— EXERCISE AIM —
Leave out the pictures and set down exactly the lines from the start of the listing through the one with "Woman Exposes Church's", both included.

— MATERIAL FOR THIS EXERCISE —

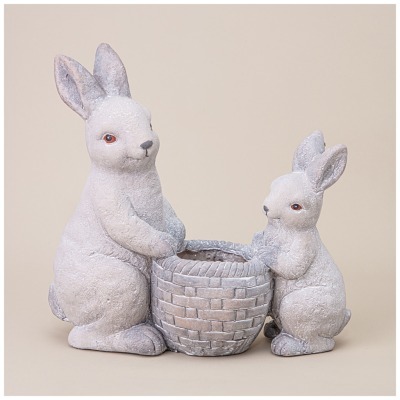 Кашпо декоративное кролики ...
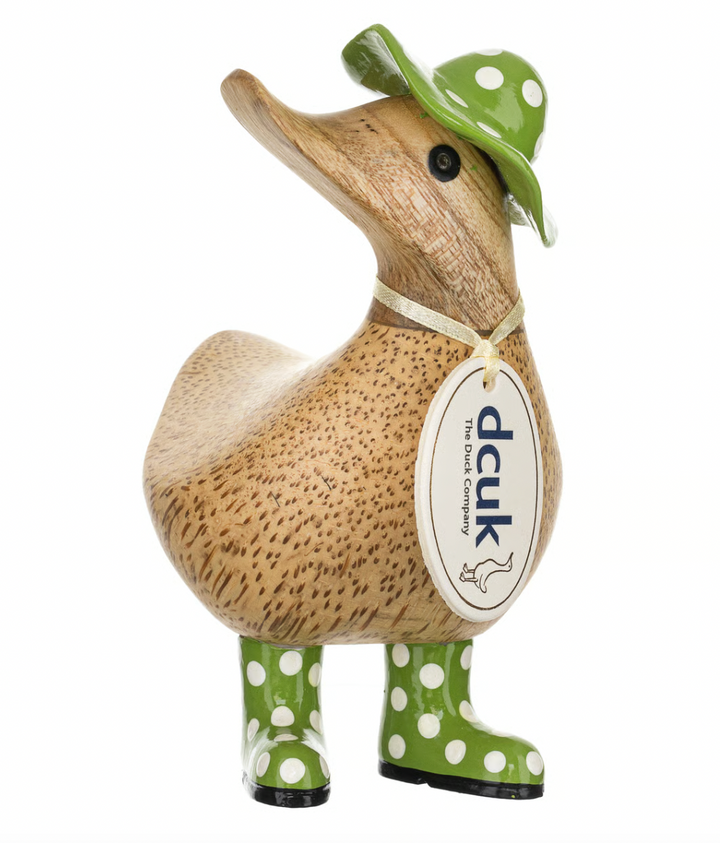 DCUK Spotty Hat and Boots Ducky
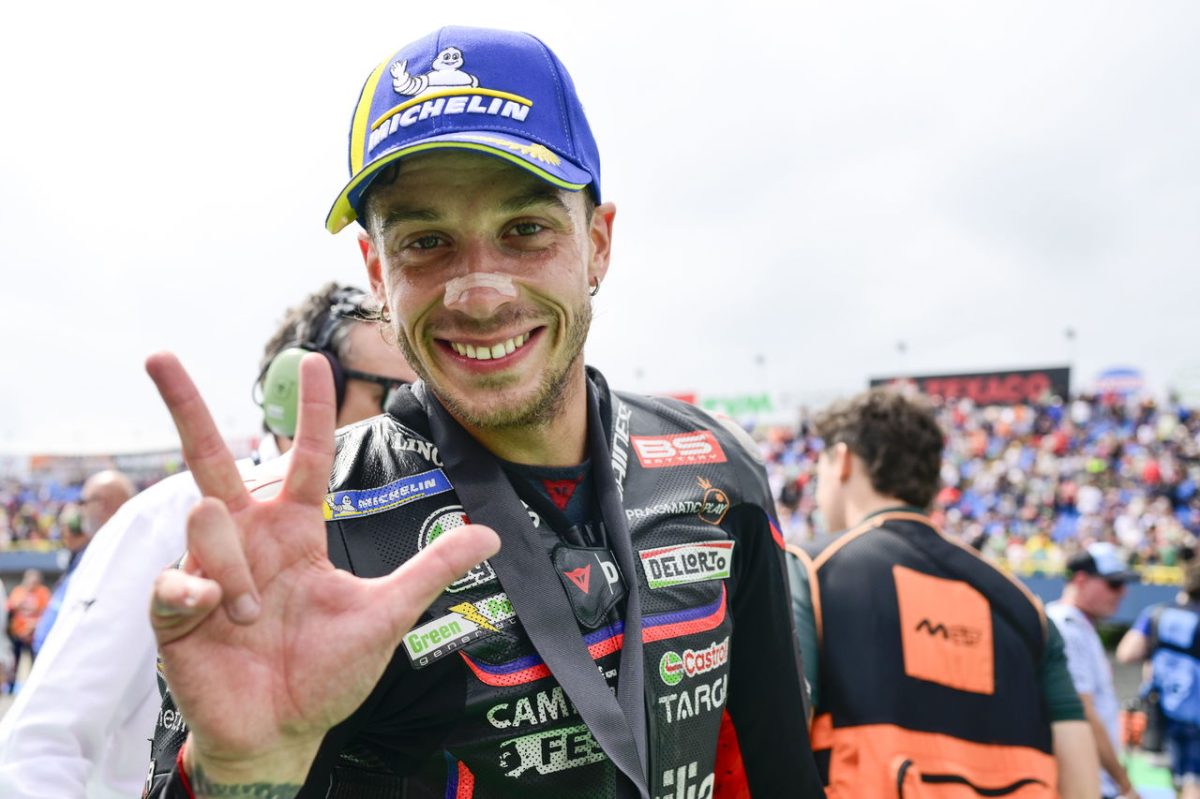 Marco Bezzecchi defends Aprilia amid Jorge Martin exit rumours: “I feel fantastic with them”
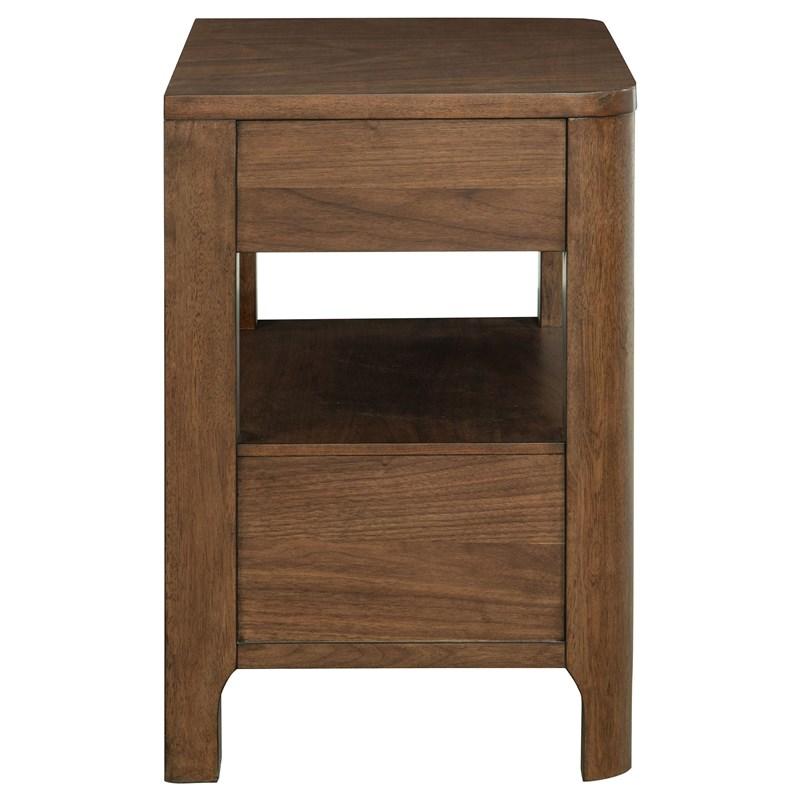 Large Picture of Coaster Furniture Maderia 223322 2-Drawer Nightstand Bedside Table - Walnut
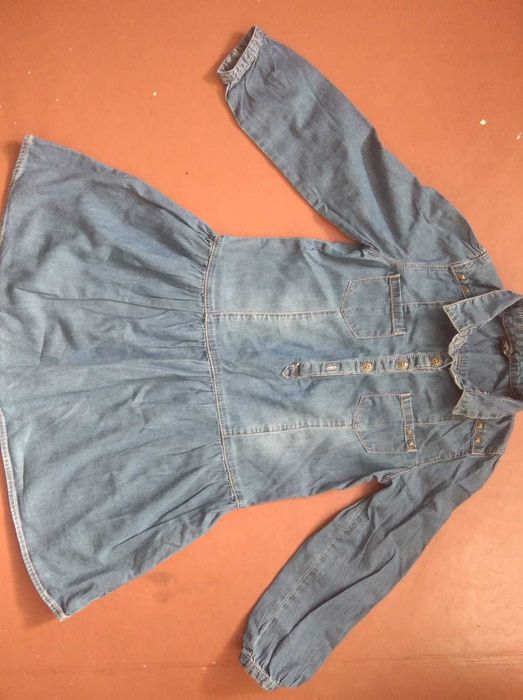 Джинсове плаття для дівчинки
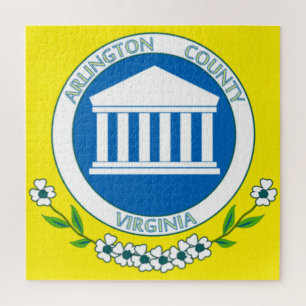 Arlington Flag (Virginia, USA) (Arlington County) Jigsaw Puzzle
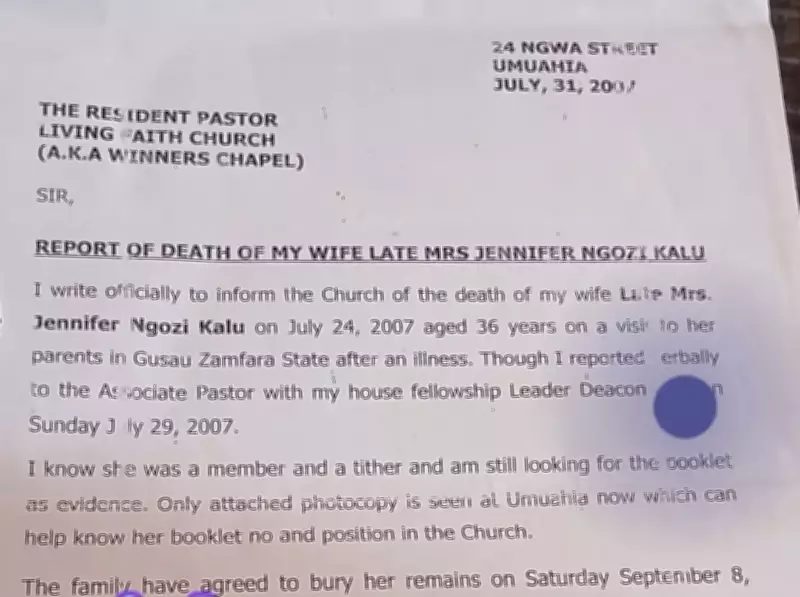 Woman Exposes Church's Apathy After Mother's Death Over Tithe Booklet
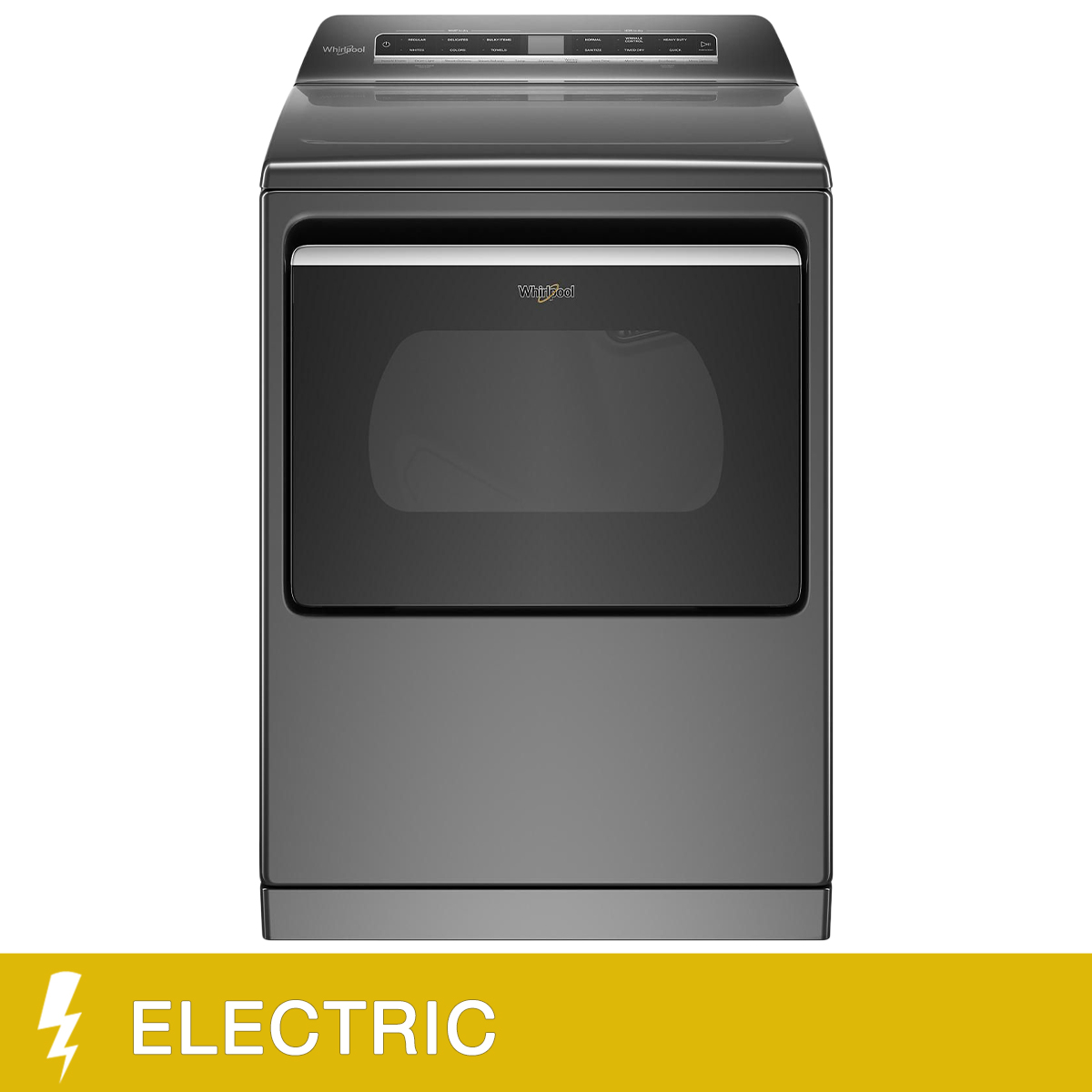 Whirlpool 7.4 cu. ft. Chrome Shadow Electric Dryer with Wrinkle Shield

— SOLUTION TO THIS TASK —
 Кашпо декоративное кролики ...
 DCUK Spotty Hat and Boots Ducky
 Marco Bezzecchi defends Aprilia amid Jorge Martin exit rumours: “I feel fantastic with them”
 Large Picture of Coaster Furniture Maderia 223322 2-Drawer Nightstand Bedside Table - Walnut
 Джинсове плаття для дівчинки
 Arlington Flag (Virginia, USA) (Arlington County) Jigsaw Puzzle
 Woman Exposes Church's Apathy After Mother's Death Over Tithe Booklet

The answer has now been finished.